How Much Blood is in our Body?

In an adult human body there are about 5.5 liters of blood. These liters form the most amazing transportation system imaginable. The blood circulates through the body is that it reaches every one of billions of cells that make up the body tissues. It bring foods and oxygen to each cell, carries away waste products, carries hormones and other chemical substances, helps the body fight infection, and helps regulate body heat.

The blood is made up largely of a colorless liquid called “plasma”, and it is the red corpuscles floating in this liquid that give blood its red color.

It is when we consider how many of these blood cells there are in the ten pints of blood that our imagination is staggered. There are about 25 billion of them! In a single drop of blood there are some 300,000,000 red corpuscles.

If the cells were joined together in a chain, keeping their actual size, the chain would go four times around the earth. Even though the cells are tiny, they have a tremendous surface area. For instance, if you would weave them into a carpet, the total surface area of this carpet would be 4,090 square meters.

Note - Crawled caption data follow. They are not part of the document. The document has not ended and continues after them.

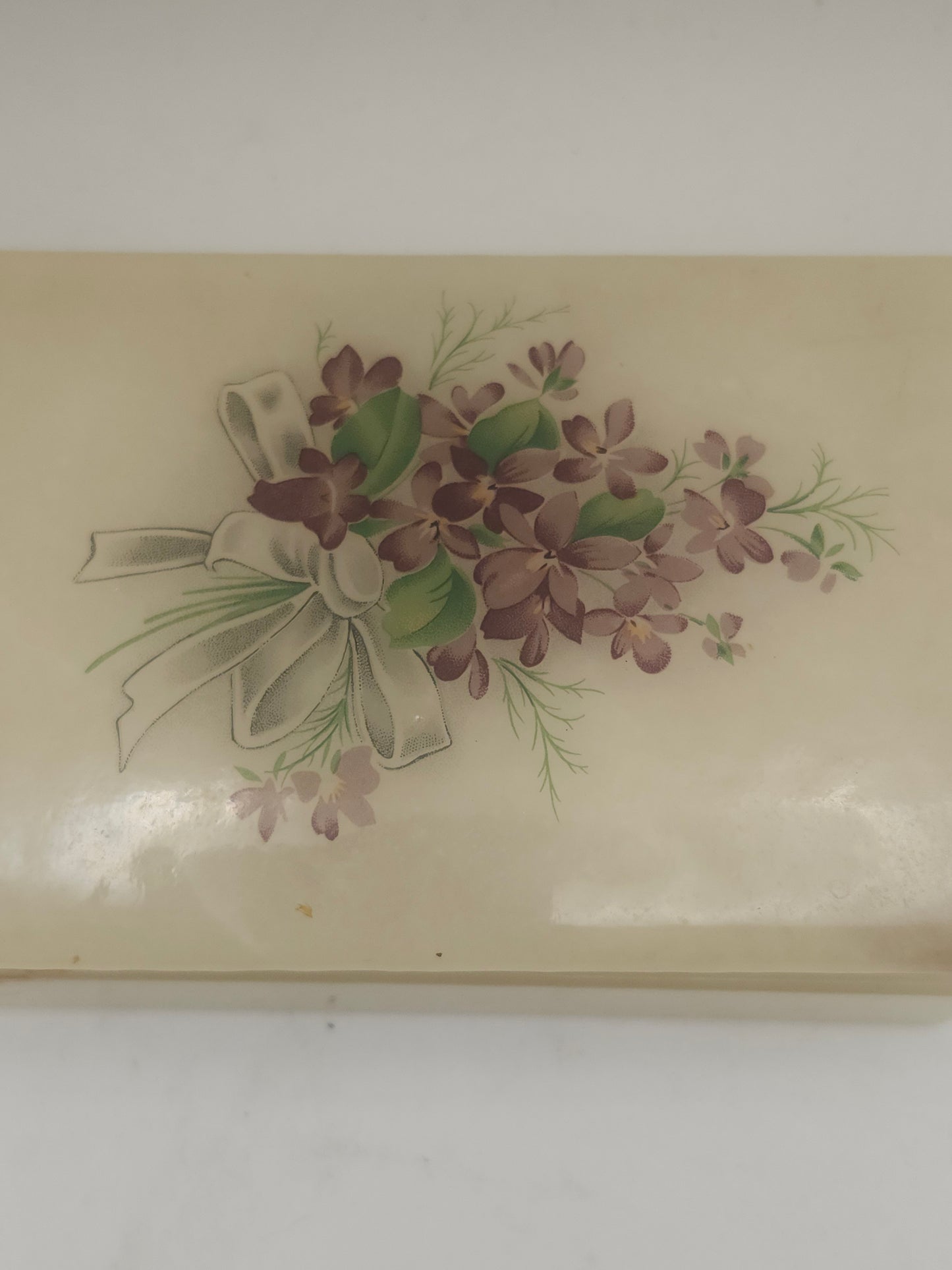 Alabaster Floral Motif Rectangular Jewelry / Trinket Box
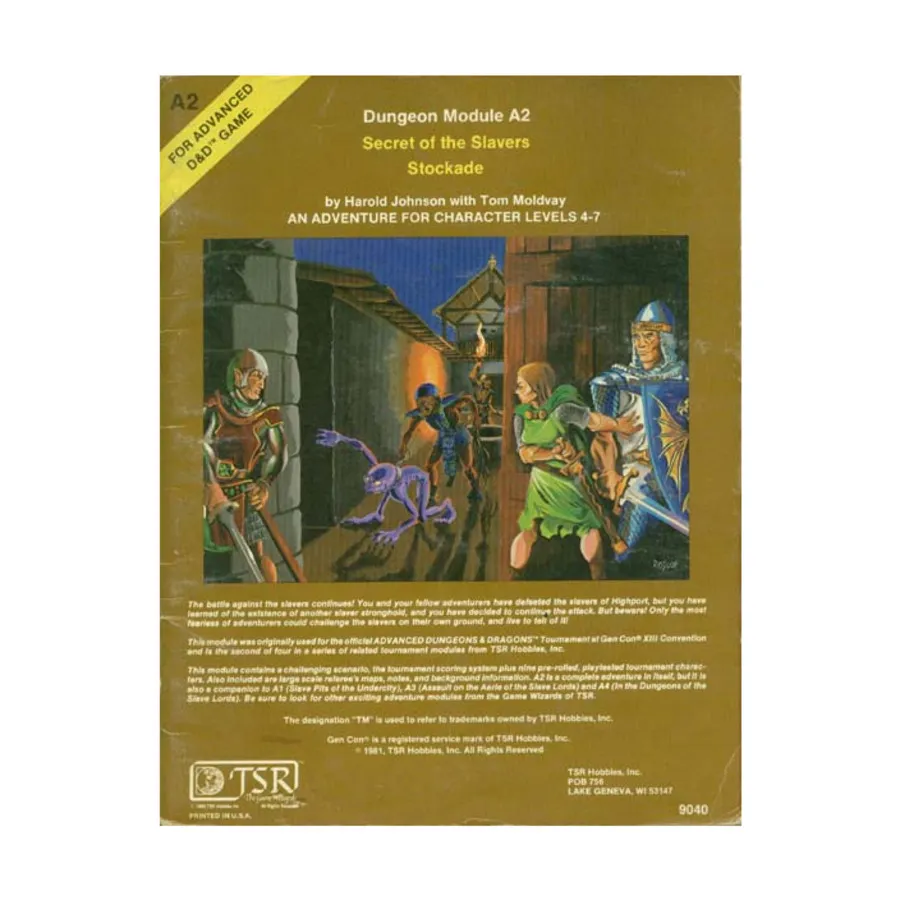 

Модуль Secret of the Slavers Stockade (1st Printing), Advanced Dungeons & Dragons (1st Edition) - Modules & Adventures - A Series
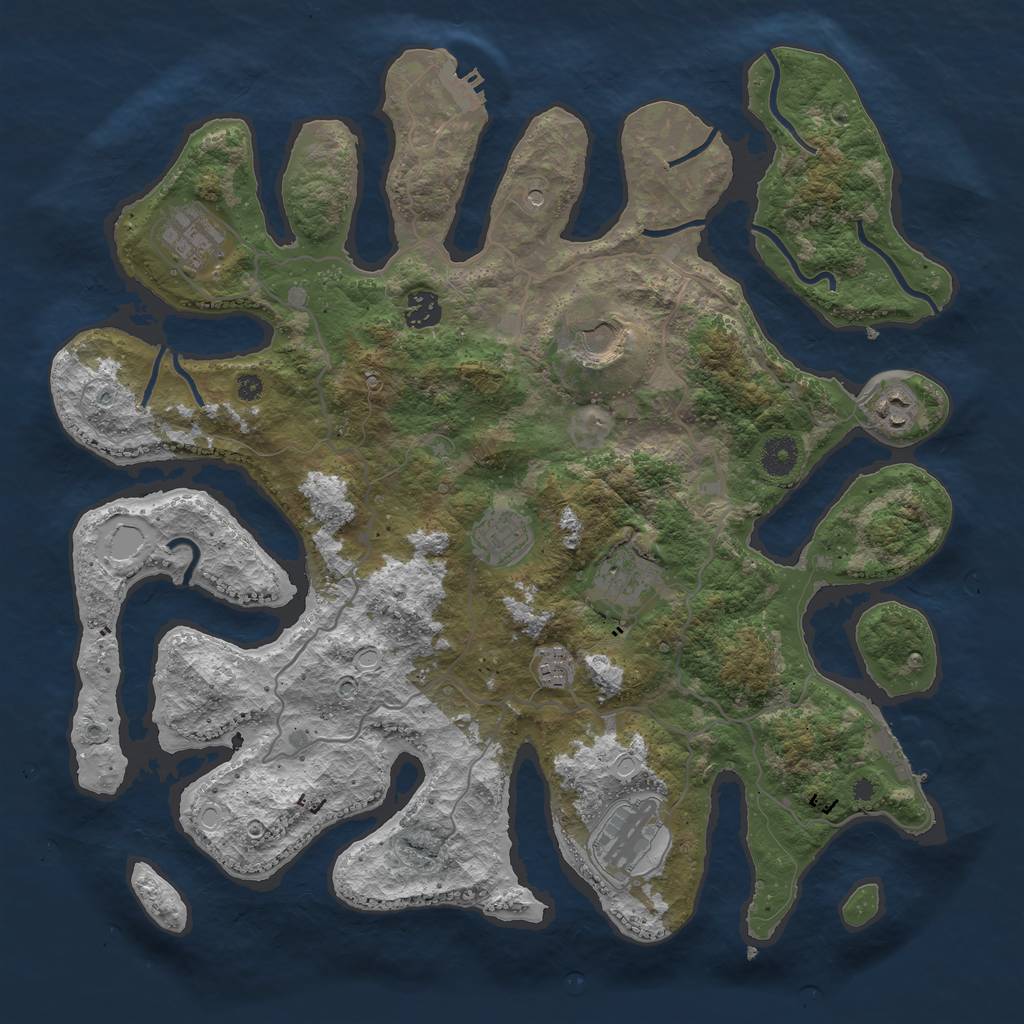 Rust Map: Procedural Map, Size: 4000, Seed: 255746, 16 Monuments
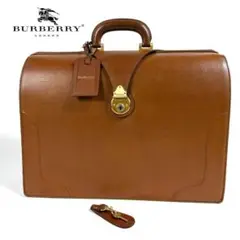 【美品】Burberry レザー ダレスバッグ ノバチェック ゴールド金具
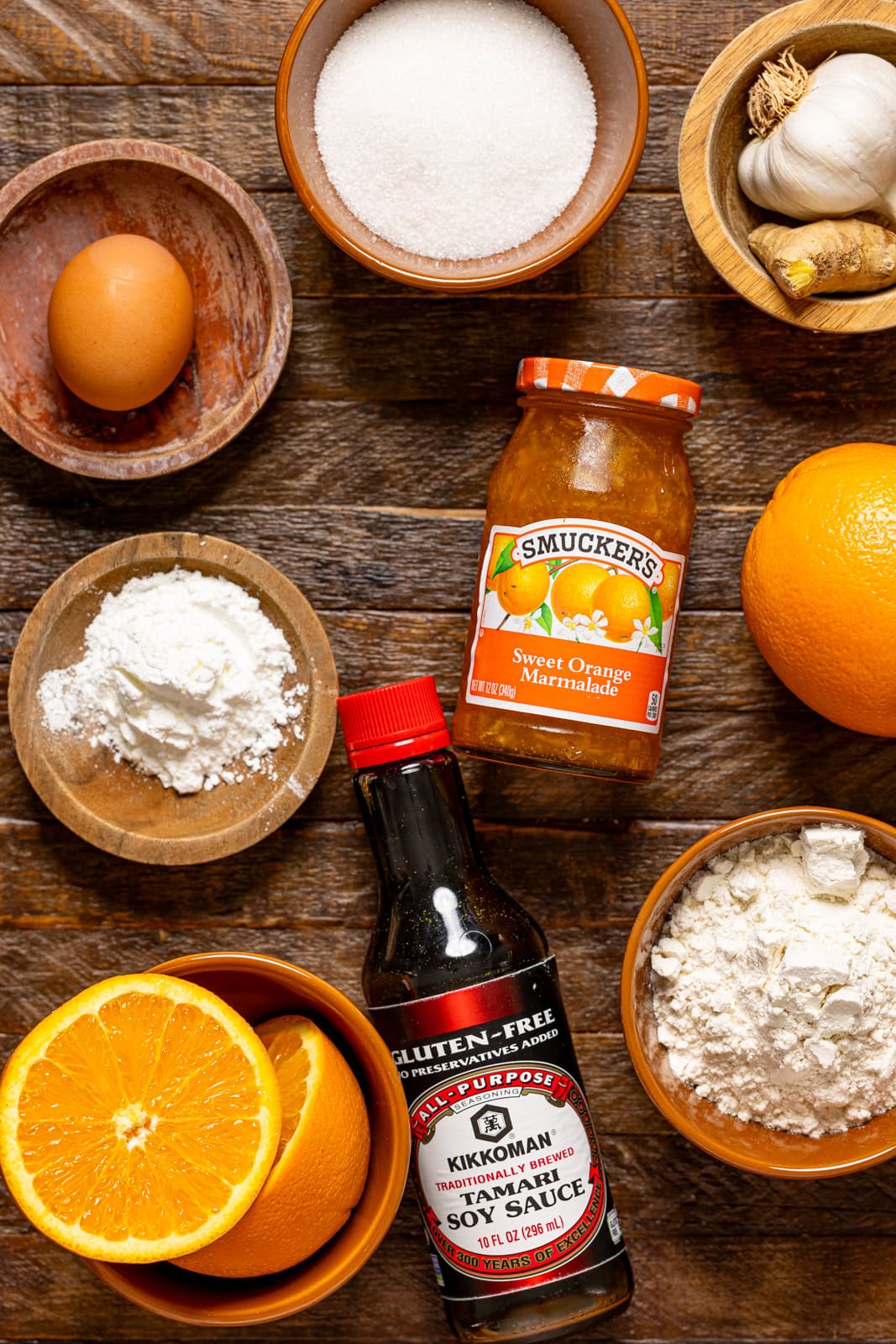 Ingredients on a brown wood table.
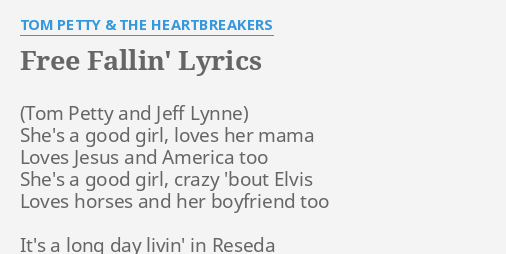 lyrics free fallin tom petty heartbreakers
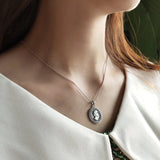 925 Silver Goddess Coin Pendant Necklace Antique Ball Chain Elizabeth Necklaces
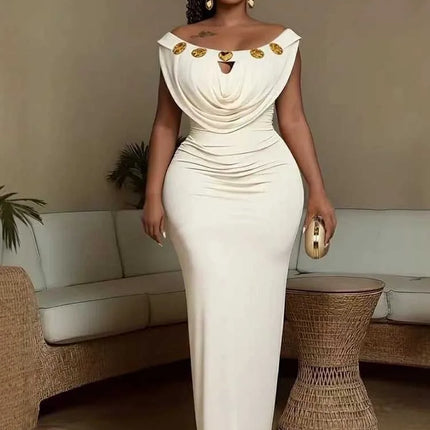 Evening Dress for Parties High Waist Slim Fit Bohemian Dress Chic Woman Wedding Invite Off Shoulder Sexy Long Dresses Elegant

Since at any one given moment one-quarter of the blood is to be found in the lungs, about 1,000 square meters of blood-cell surface are constantly being exposed to the air. Every second, to billion blood cells pass by the air chambers of the lungs!

Because the air in lowland regions is under greater pressure, it contains more oxygen than at high altitudes. So the higher up a person lives, the higher in the number of blood cells he has. A person living in the mountain regions of Switzerland may have 50 per cent more blood cells than one living in London.